Ain’t Cowboys supposed to be the good guys?
Why not Rustler Builders or Highwayman Builders or Pirate or Robber builders?
Ain’t Cowboys supposed to be the good guys?
It’s specific to the UK - the standard usage is when you call a tradesman in and he looks at work done by a previous contractor, breathes inwards through his teeth then says “Blimey, who put this in then? Buncha cowboys.”
Here’s a discussion about the term. First recorded use 1972, used in Fawlty Towers, nobody seems to know anything else about its origin though there are some wild theories about cowboy boots and denim. I dismiss the contention, in another thread, that it has anything to do with (subcontinental) Indians, though.
The term “cowboy” is sometimes used (as an adjective) to mean something like “reckless, wild, unreliable.” This meaning is more common outside of the U.S. than in the U.S.:
I understand it’s because shoddy workmanship = “put in by Indians” as the D of E said. This because of people living in makeshift hovels in shanty towns all over India.
And then change Indians to cowboys.
I really doubt it has anything to do with Prince Phillip’s comments about Indians.
You misunderstand. I didn’t say it *originated *with Prince Philip.

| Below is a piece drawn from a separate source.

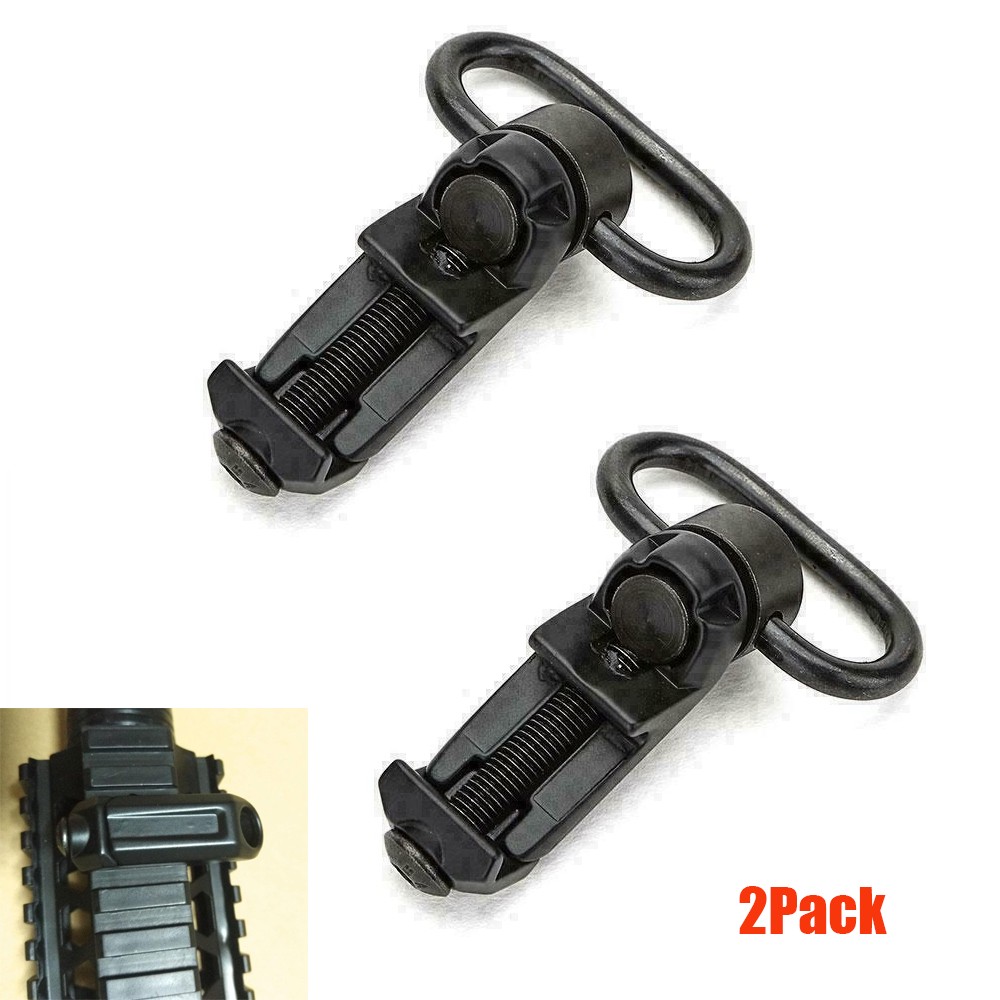 2X QD Sling Swivel Attachment Low Profile Tactical 45Degree Picatinny Rail Mount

I just cited that as an example of it being used.
And to make this point clear, when PP said that the fusebox was installed by Indians, he was using an Indians-are-bad-builders meme that already existed.
My point was that the term doesn’t have anything to do with Indians at all.
The meme has nothing to do with bad guys or good guys. It has to do with the reputation cowboys have for putting in the minimum required to get the job done (e.g., “why replace this stretch of fence when I can prop up that fencepost with a stick, re-stretch the top two strands of barbed wire, and hold the bottom strand in place with a couple of pieces of baling wire?”), and doing reckless dangerous things (e.g., bull riding).
I can think of 2 crime movies off the top of my head,** Heat** and The Mechanic, that referred to a cowboy as a loose cannon type.
I thought of Heat also.
Also, IIRC, Hunt for Red October, movie, did it.
Maybe Scarface??
Best wishes,
hh
The use of “cowboy” to indicate a shoddy worker in a skilled trade might be more particularly British, but “cowboy” as a loose cannon or anyone who ignores the normal protocols of a task is sufficiently common in the U.S.: (note the reference to GWB’s foreign policy in the Wikipedia article). I’ve heard the term on many occasions regarding programmers and a few times regarding construction workers, drivers, policemen, and other jobs. (I’ve never heard it applied to an acountant. )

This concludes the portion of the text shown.